In article <ggjWj.3412$J16....@newssvr23.news.prodigy.net>,

Monty Hall <mo...@hall.com> writes:
>Hello,
>
>When I assemble a system that I want to simulate I get a matrix equation
> of the following form. My input vector is a list of function
>derivatives. I'm solving for pipeline flow rates using a linear model -
>something very similar to a electrical circuit.

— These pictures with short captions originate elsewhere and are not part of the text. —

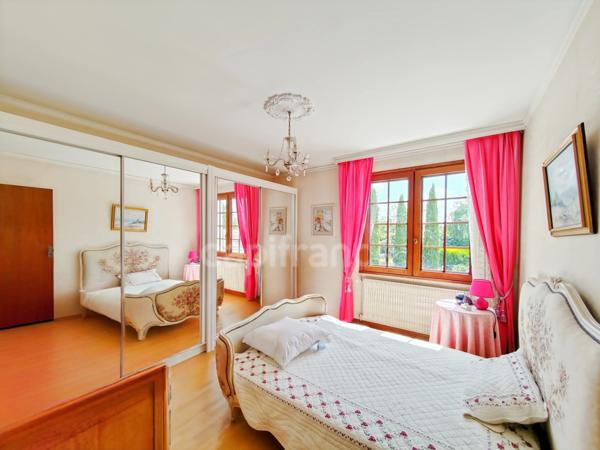 À Saint-Rémy (71) à vendre maison familiale de 280 m² habitables 7 chambres 640 m² de terrain clos !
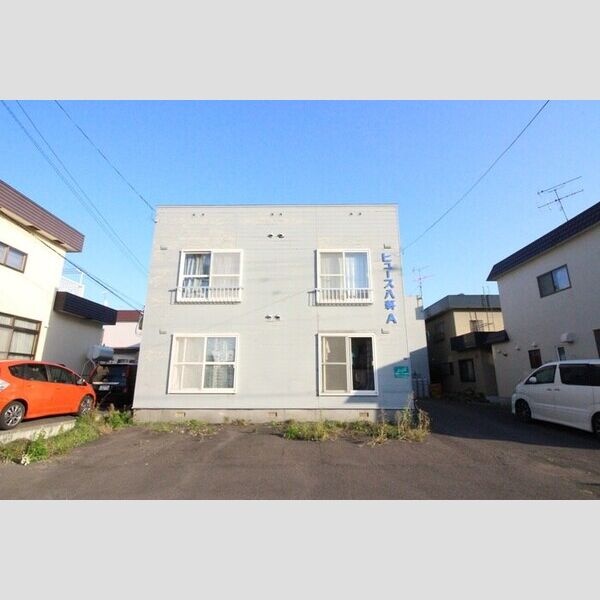 正面から見た建物外観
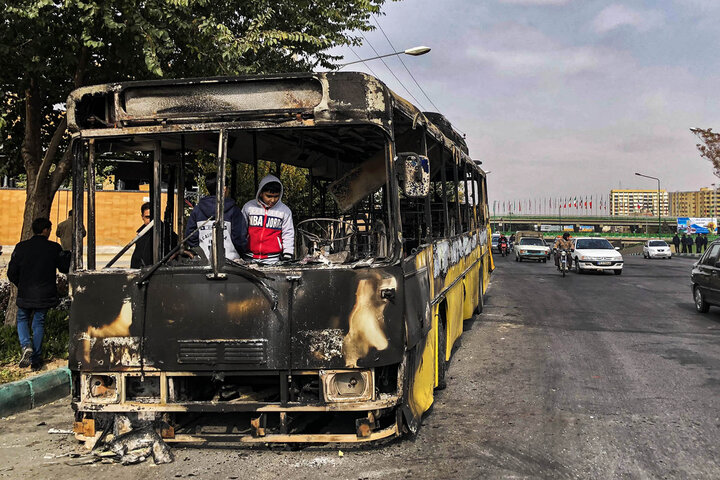 فرسایش اعتماد عمومی مهم‌ترین علت اعتراض خیابانی است/بی‌اعتبارسازی نخبگان یعنی انسداد سیاسی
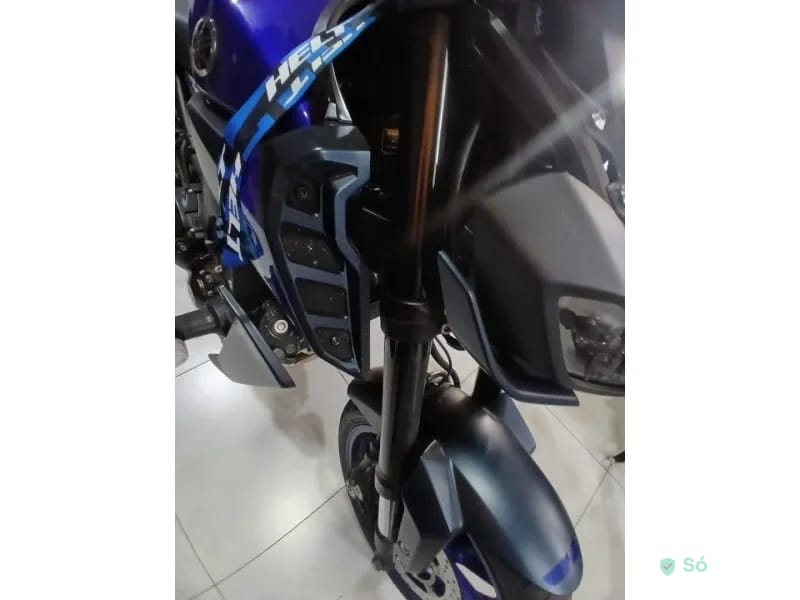 Yamaha MT-09 Naked — foto 9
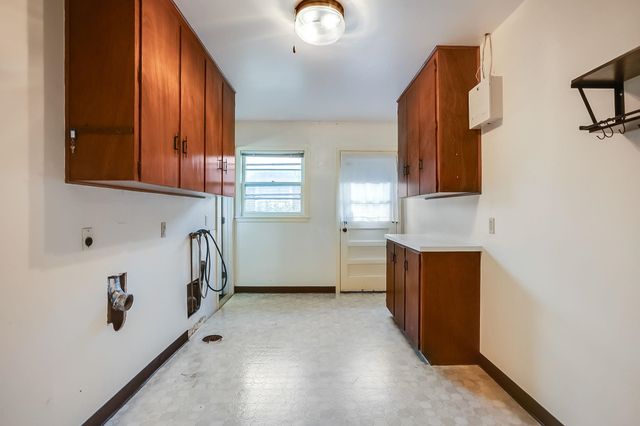 2045 N Payne Ave, Wichita, KS 67203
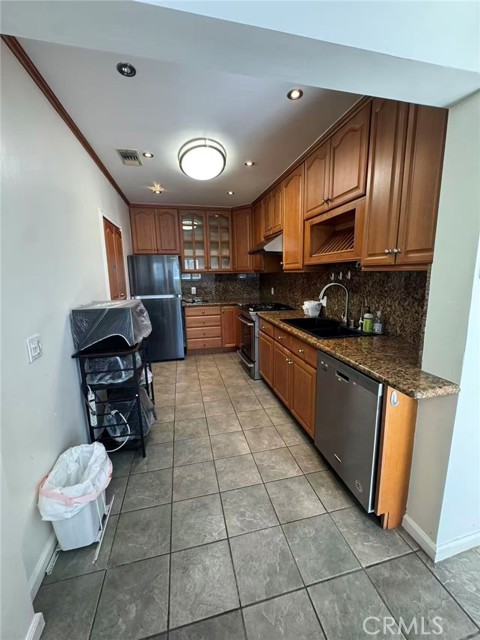 Detail Gallery Image 15 of 23 For 1965 S El Molino, San Marino,  CA 91108 - 4 Beds | 2/1 Baths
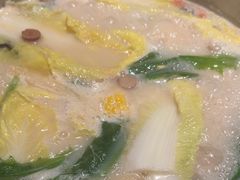 -尚尚仙·酸汤猪手·猪肚鸡火锅(华联万柳购物中心店)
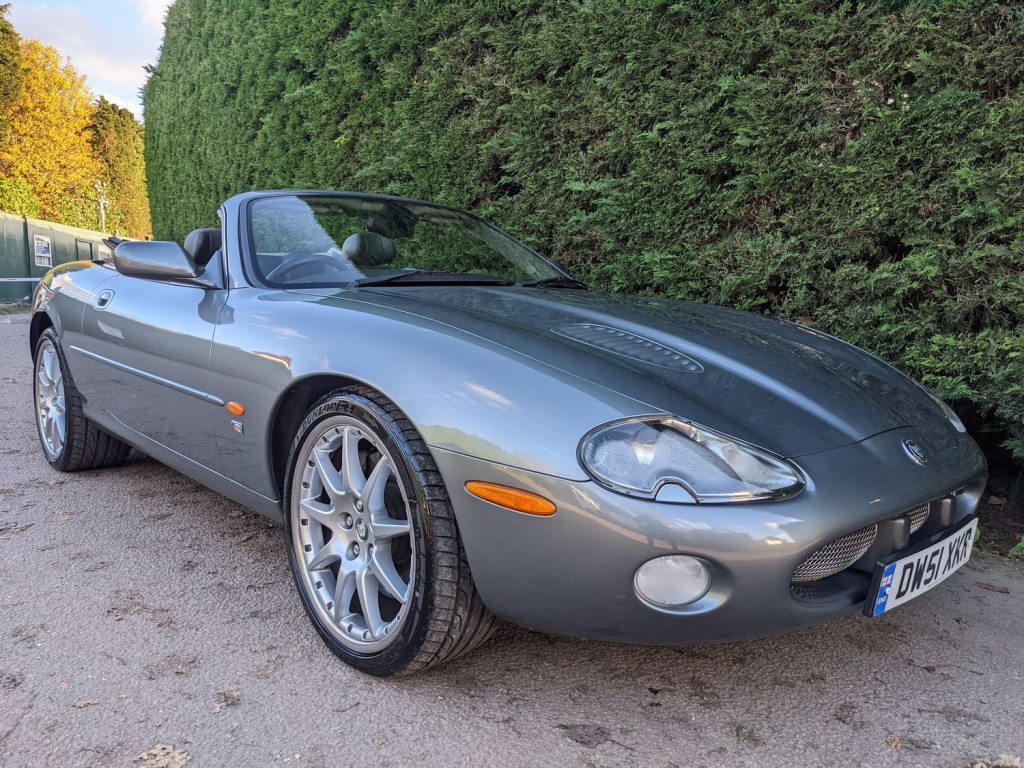 2002 Jaguar Xk8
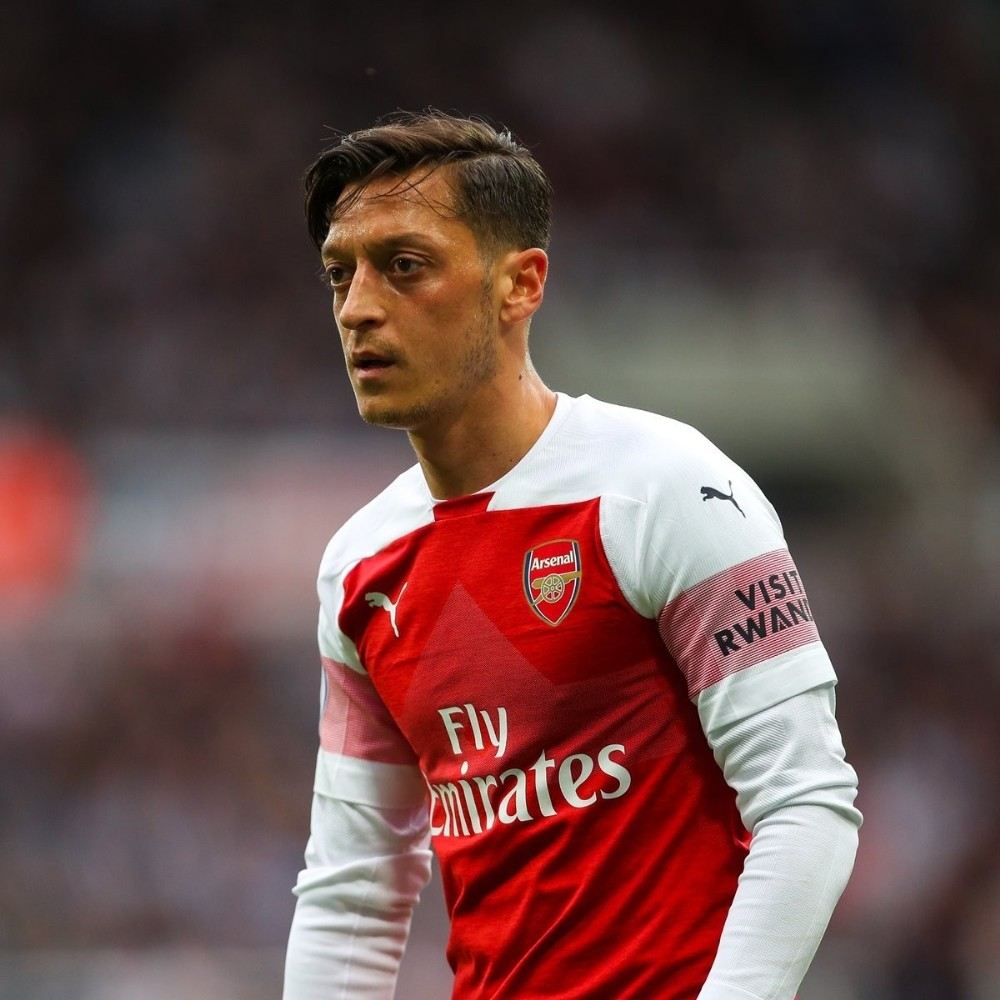 Mesut Özile Londrada Saldırı Girişimi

Would the matrix
>equation be classified as a differential algebraic equation?
>
>
> A x b
>--------------- ------ -
>a11 a12 a13 a14 m''(t) c1
>a21 a22 a23 a24 * m'(t) = c2
>a31 a32 a33 a34 m(t) c3
>a41 a42 a43 a44 p c4

!!!!! this looks quite strange: maybe you intended here to write this in the
original meaning but had the system already transformaed in the first order
system form. but even then the system would look like
A(y)y' + B(y) = F(t)

y(t)=(y1(t),y2(t),p(t)) with y1(t)=m(t) and y2(t)=m'(t)


>
>
>The above was written abbreviated. If I had 3 pipelines, my "x" vector
>would be
> m1''(t)
> m2''(t)
> m3''(t)
> m1'(t)
> m2'(t)
> m3'(t)
> m1(t)
> m2(t)
> m3(t)
> ...
>
>Currently, I place the initial conditions into the "b" input vector -
>which includes the initial/current value to the diff eq's - and multiply
>by a LU decomposed "A" matrix to solve to the "x" vector. At that point
>I accumulate the solutions - an euler integration in appearance, place
>accumulated values into "b" vector and solve again for each time step.
>
>"euler" performed @ each time step:
>----------------------------------
> m(t1) = m(t0) + m'(t1) placed into "b" for next iteration
> m'(t1) = m'(t0) + m''(t1) placed into "b" for next iteration
> m''(t1) = solution from "x"
>


obviously you forgot the factor delta_t on the right hand side
and took Euler implicit?

>What are my choices for a numerical solution? Any examples on the web
>that solves a similar system? It looks like a DAE, from what I can tell
>from the web, but DASPK solver is a fortran program. I would a

it _is_ a DAE, hence your Euler solution would fail for sure :
a DAE can be considered as a stiff ODE with infinite stiffness,
not a good point to start with Euler
with DASSL or DASPK you are on the rihgt track


>c/c++/java version w/ source if possible. I would very much like to
>keep the above form w/ a minimal of symbolic rearrangement (avoid having
>to hand craft ODE's from the above equation for each new piping network
>that is created..) Any help appreaciated, TIA.
>
>Regards,
>
>Monty
>

concerning your wishes for C++:
<this is from Hairer' homepage>
There is a folder, written by Blake Ashby "bmashby (at) stanford.edu",
which contains C++ versions of the nonstiff integrator DOPRI5
and of the stiff integrator RADAU5.
It can be unfolded with "tar xzf IntegratorT.tgz".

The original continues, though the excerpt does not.